About this task
Starting at the line that holds "Aksesor për byzylyk" and stopping at the line that holds "Item preview, Sloth", restate the records below word for word, with both of those lines included.

Source data
>>>

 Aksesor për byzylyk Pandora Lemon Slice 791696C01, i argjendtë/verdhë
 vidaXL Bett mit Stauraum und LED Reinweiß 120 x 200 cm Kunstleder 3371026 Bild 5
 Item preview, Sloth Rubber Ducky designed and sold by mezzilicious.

<<<
>>>

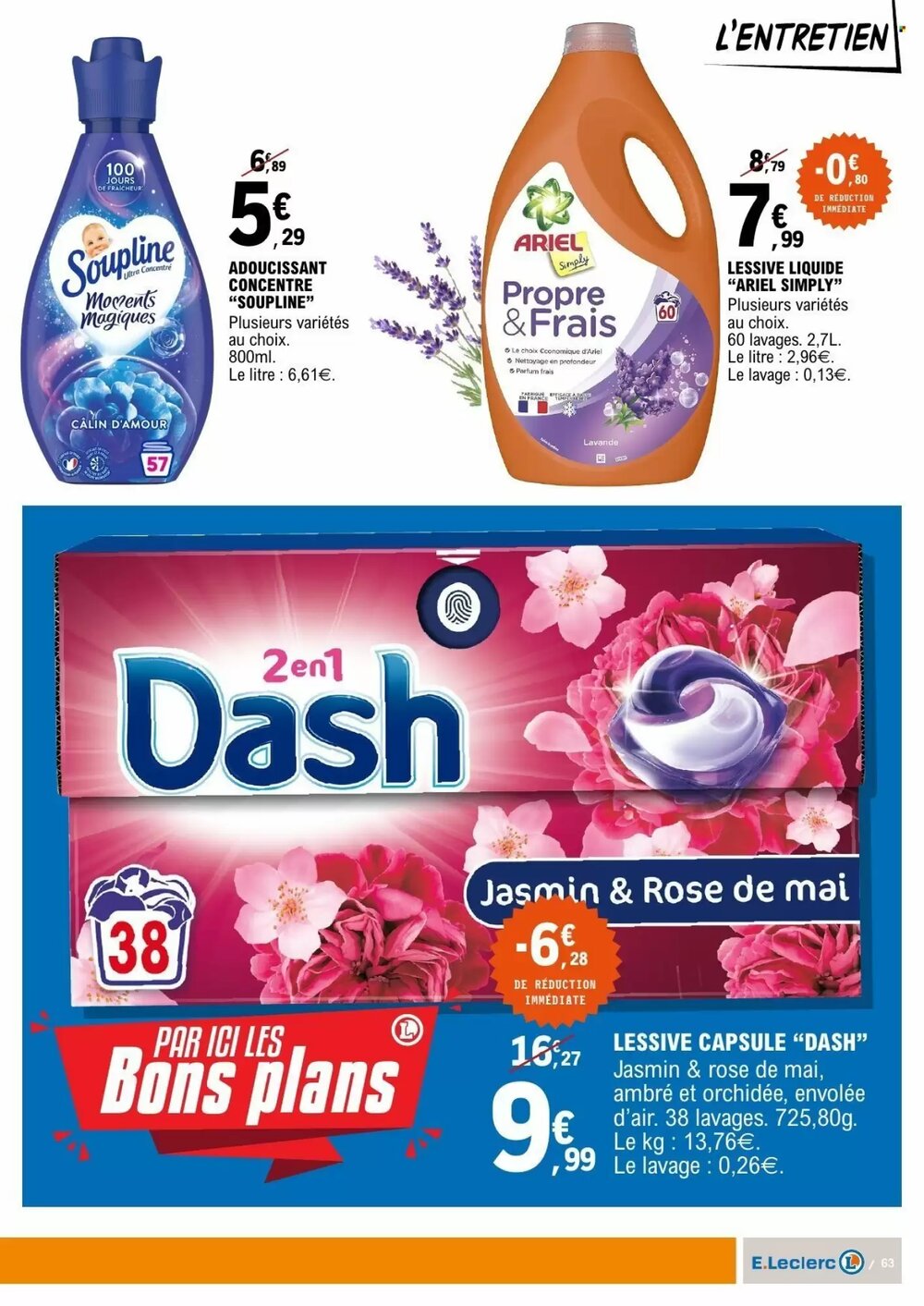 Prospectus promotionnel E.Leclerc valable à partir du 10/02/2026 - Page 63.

<<<

Task output
 Aksesor për byzylyk Pandora Lemon Slice 791696C01, i argjendtë/verdhë
 vidaXL Bett mit Stauraum und LED Reinweiß 120 x 200 cm Kunstleder 3371026 Bild 5
 Item preview, Sloth Rubber Ducky designed and sold by mezzilicious.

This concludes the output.